Function of Dataproc Metastore in a Datalake environment

645 Views Asked by At

In a Google Datalake environment, what is the Dataproc Metastore service used for?

I'm watching a Google Cloud Tech video and in this video around the 17:33 mark, the presenter says:

The other thing that is required, in order to make the data accessible, is all of the data that exists within GCS bucket, so on the BigQuery. So recent launched Dataproc Metastore So this is a high-compatible Metastore. It's based on high Metastore. So this will allow you to register the data, structured data specifically, so that you can query it using Spark, PRESTO, or Hive

The way I understood this quote is, if I have a BigQuery table called my_bigquery_table I should be able to run the following Hive query (or similar) and get an output:

SELECT * FROM my_bigquery_table;

As far as I know, this would only work if my Metastore is able to extract entries from the Data Catalog regarding my BigQuery tables.

Is my understanding correct?
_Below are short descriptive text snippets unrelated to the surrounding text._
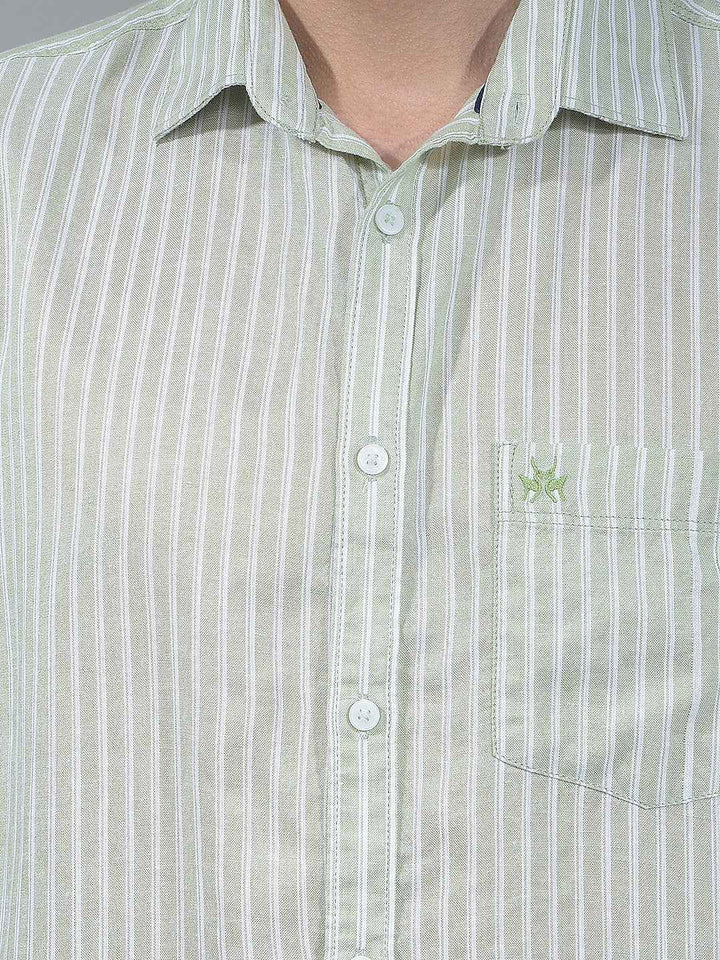 Green Vertical Striped Linen Shirt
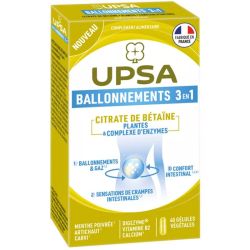 UPSA Ballonnements 3 en 1 - Soulage les Inconforts Digestifs - 40 Gélules Végétales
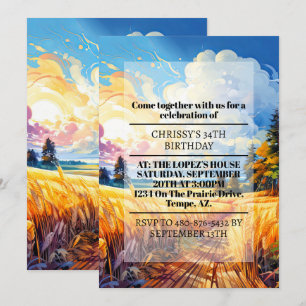 Beautiful Spring Country Prairie Birthday Party Invitation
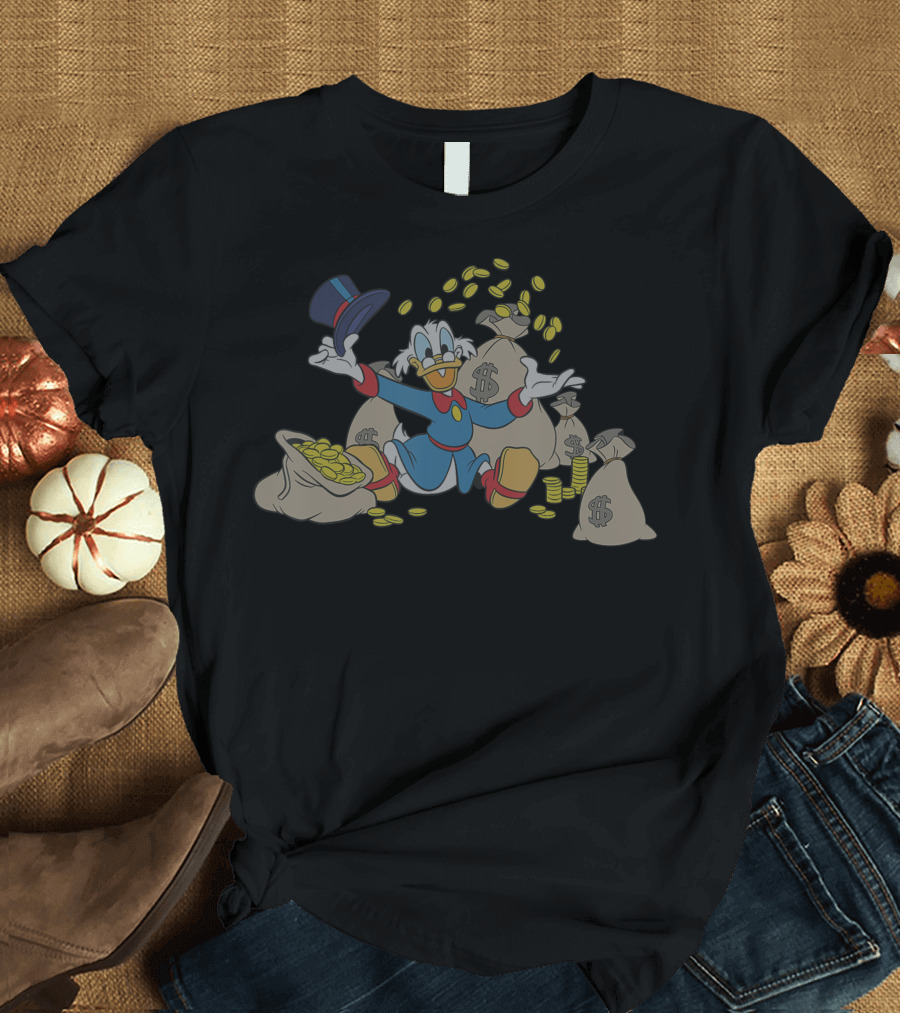 Disney Ducktales Scrooge McDuck with Coins and Money Bags T-Shirt
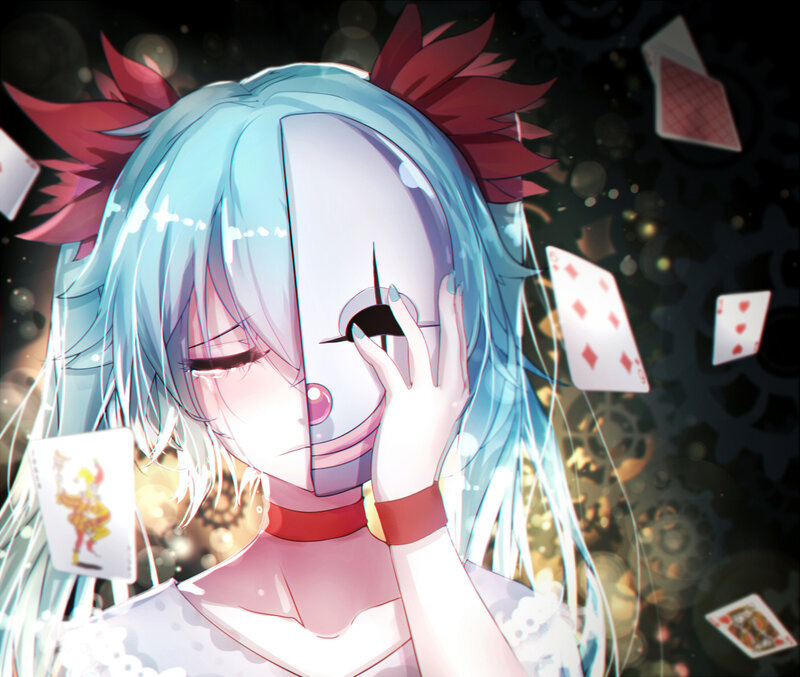 Anime Girl with Mask — Blue, Dramatic, Digital Art, Cards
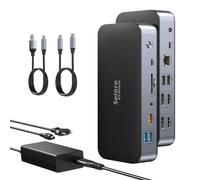 Station d'accueil USB C DisplayLink avec alimentation 120W, 15 en 1 Laptop USB C Dock Dual Monitor avec 2 HDMI & 2 DisplayPort, 2.5G Ethernet, 10G USB, SD&TF, 3.5mm Audio,Mode d'extension pour MacBook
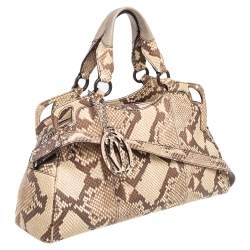 مملوكة مسبقًا حقيبة ساتشل كارتييه مارسيللو دو كارتييه جلد ثعبان بني/ بيج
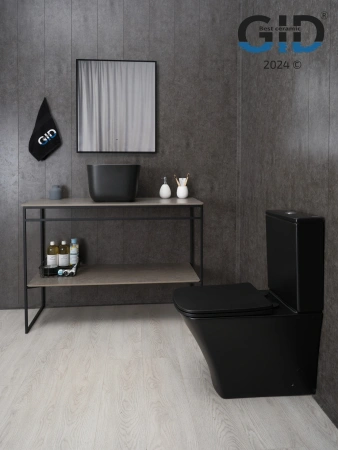 Раковина керамическая Gid Creativo 53356 40х40 накладная цвет черный без отверстий под смеситель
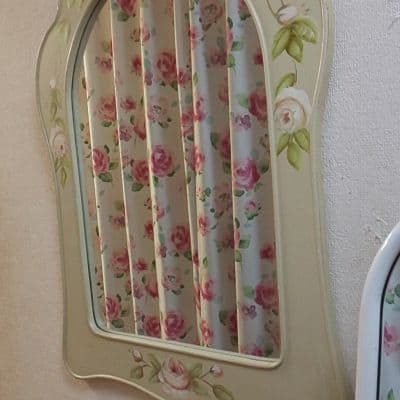 薔薇雑貨 ロココ調薔薇柄ミラー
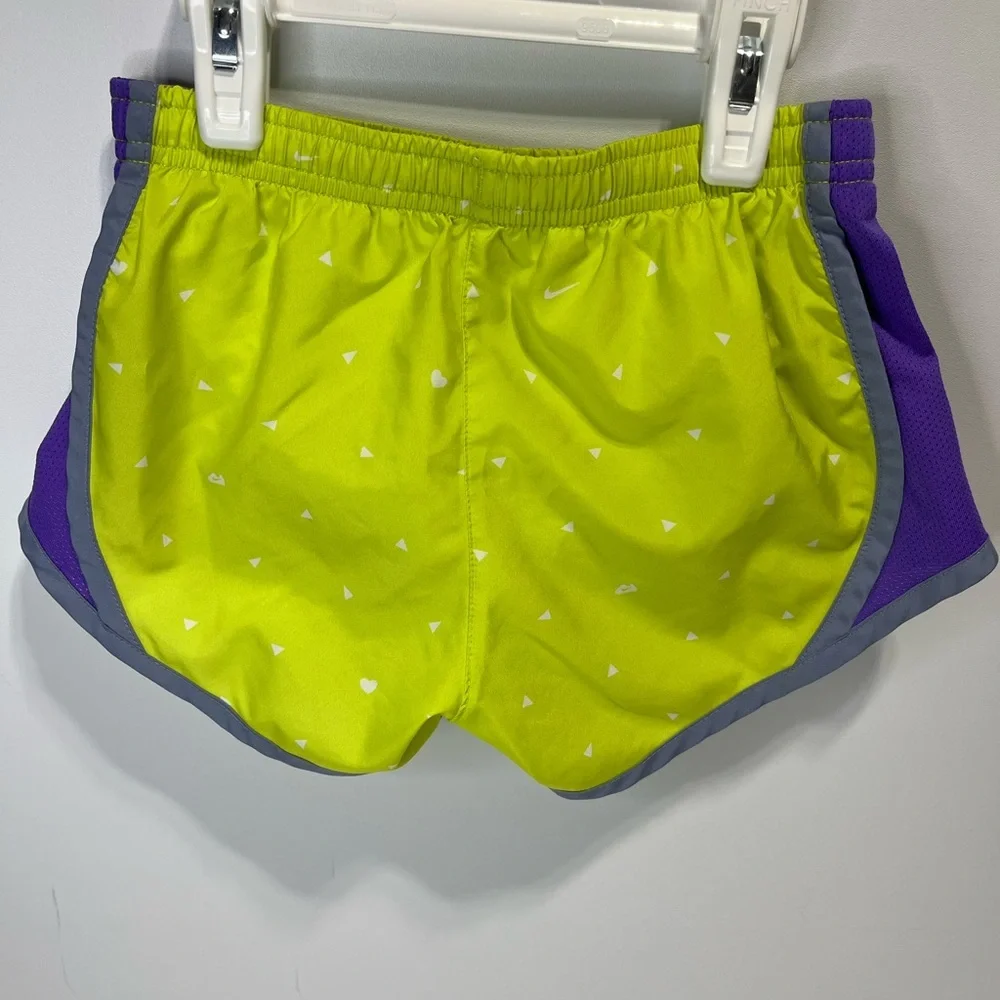 Nike Neon Yellow and Purple Athletic Running Shorts Girls size XS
Currently, I am unable to find a way to sync entries in my Data Catalog to the Metastore (syncing data from Metastore to Data Catalog is possible, I know this).

UPDATE 1:

Is this a valid example to load Parquet/CSV files from GCS:

CREATE EXTERNAL TABLE sample_table(<column list>) STORED AS PARQUET LOCATION 'gs://parquet_bucket/parquet_file'; // table creation

SELECT * FROM sample_table; // select query
1

There are 1 best solutions below

3
On

Dataproc Metastore is a managed Apache Hive Metastore service. It offers 100% OSS compatibility when accessing database and table metadata stored in the service.
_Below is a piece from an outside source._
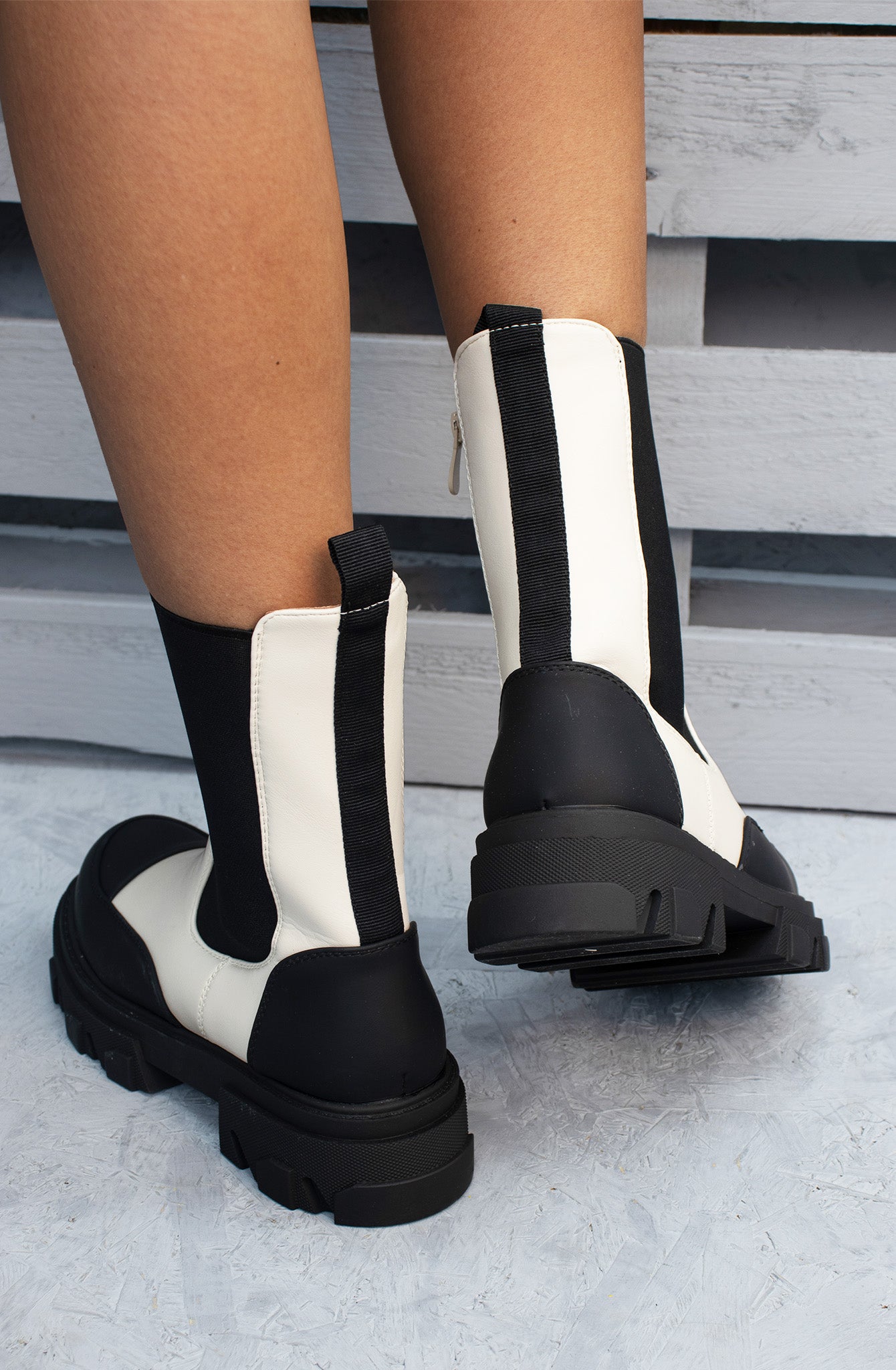 Black Beige Calf Length Chunky Faux Leather Chelsea Boots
For example, you might have a table stored in Parquet files on Google Cloud Storage. You can define a table over those files and store that metadata in a Dataproc Metastore instance. Then you can connect a Cloud Dataproc cluster to your Dataproc Metastore service instance and query that table using Hive, SparkSQL , or other query engines.

Dataproc Metastore is also used to provide an OSS compatible metadata API for Spark SQL to query data that has been discovered by Cloud Dataplex. See this documentation for more info.

Dataproc Metastore does not automatically ingest metadata from Data Catalog or make BigQuery tables automatically queryable from Hive.